Mas se você fala sobre antissionismo a partir de uma perspectiva de domínio do mundo, que Israel domina os EUA e a mídia internacional e vende armas para todo o mundo, e que Israel é o grande problema do mundo, isso é antissemitismo.

Ou seja, a preocupação não é o que você defende, é como você defende.

E há uma gramática antissemita que é profundamente vinculada ao antissemitismo. Ela pode ser, inclusive, a favor de Israel. Por exemplo, há grupos de extrema direita que trabalham com a ideia de que Israel é o lugar mais importante do mundo, que todas as decisões devem ser tomadas a favor de Israel, que os palestinos são inimigos do mundo.

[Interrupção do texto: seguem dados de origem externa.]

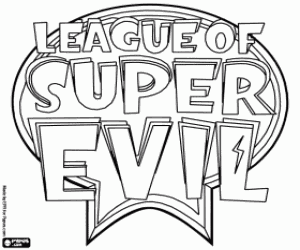 Pintar Logo de League of Super Evil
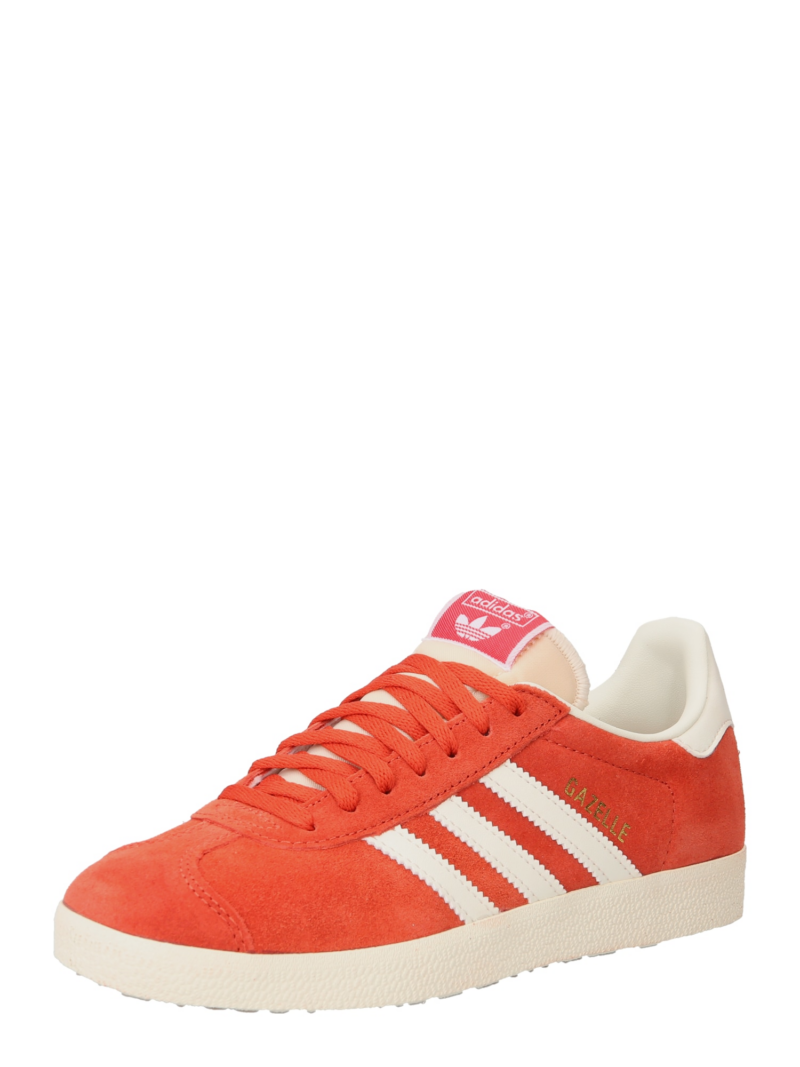 ADIDAS ORIGINALS Sneaker low 'Gazelle'  bej / roșu / negru / alb murdar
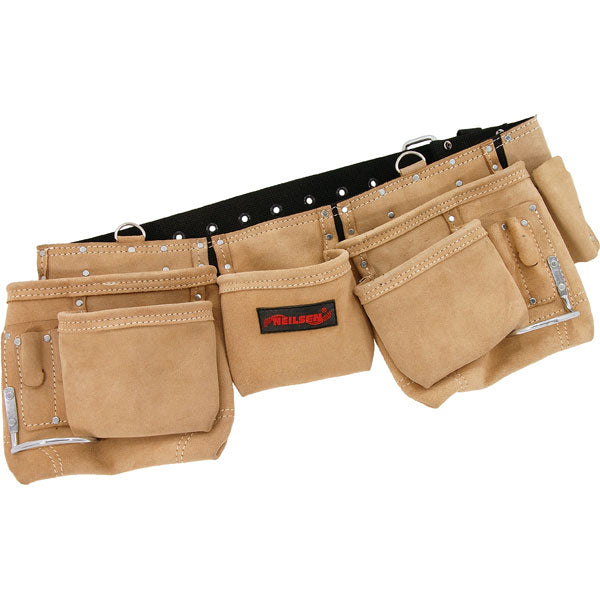 CT5943 - Leather Tool Belt Split Leather 12 Pocket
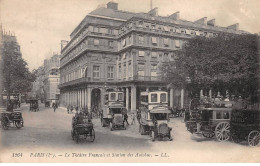 PARIS - Le Théâtre Français Et Station Des Autobus - Très Bon état - Arrondissement: 01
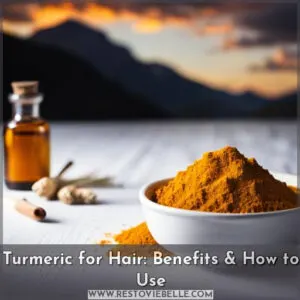 turmeric for hair benefits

Essa é uma lógica antissemita, porque entende que Israel faz parte de uma corporação, de um complô internacional. A diferença é que a perspectiva desses grupos sobre Israel é positiva.

Ao mesmo tempo, se eu troco a palavra judeu por sionista e continuo produzindo o mesmo tipo de gramática, continuo sendo antissemita. Se em vez de falar que “os judeus são problemas do mundo”, e que “temos que extirpar os judeus do mundo, eles controlam a mídia e controlam toda a economia mundial”, alguém trocar para “Israel é o problema do mundo” e “temos que extirpar Israel do mundo, Israel controla a mídia e a economia mundial”, continua sendo antissemitismo. A pessoa pode até fingir que está falando sobre outra coisa, mas está falando a mesma coisa. Ela pode não acionar a palavra “judeu”, mas a gramática antissemita está lá.

Ser crítico ao governo de Israel é ser antissemita?

Michel Gherman Não. Ser crítico a um governo, seja ele qual for, não é criticar as estruturas nacionais em torno desse governo. Eu era profundamente crítico ao governo Bolsonaro e nunca fui antibrasileiro. Posso ser crítico a um determinado governo entendendo que as condições concretas que levaram à eleição desse governo são muito específicas e que as políticas produzidas por esse governo podem mudar em outro mandato.

Existe essa confusão [entre Estado de Israel, governo de Israel e povo judeu], que não é produzida somente por grupos não-judeus e antissemitas. É produzida também por grupos judeus, inclusive sionistas de direita.

Se alguém é antissemita por criticar o governo Netanyahu, então a maioria de Israel é antissemita. Isso é um problema: se tudo é antissemitismo, nada é antissemitismo. Se você fala que tudo é antissemitismo, você gasta o termo até chegar num nível em que isso passa a ser um discurso retórico de um grupo específico. Por isso é tão importante colocar o debate sobre antissemitismo.

O antissemitismo aparece no debate brasileiro sobre o conflito no Oriente Médio? Se sim, como? Quem o comete?

Michel Gherman Está sendo cometido por conta de uma crítica descuidada das práticas do governo de Israel. Acho que nem a direita nem a esquerda têm consciência do que é o antissemitismo.

O antissemitismo de direita é mais sofisticado, é mais difícil de ser localizado, porque aparece como filossemitismo.

Mas acho que há um antissemitismo na esquerda — principalmente em setores mais radicalizados — que se utiliza de perspectivas conspiracionistas para entender Israel e, nesse sentido, os judeus. Há diferentes tipos de antissionismo: os tipos conspiracionistas são antissemitas e são mais frequentes hoje na ultra esquerda do que em outros setores da população brasileira.

O antissemitismo também vem de uma perspectiva colonialista sobre o judeu, de que eu só te aceito se você for como eu. Mas as pessoas podem ser judias do jeito que quiserem, sem precisar pedir permissão.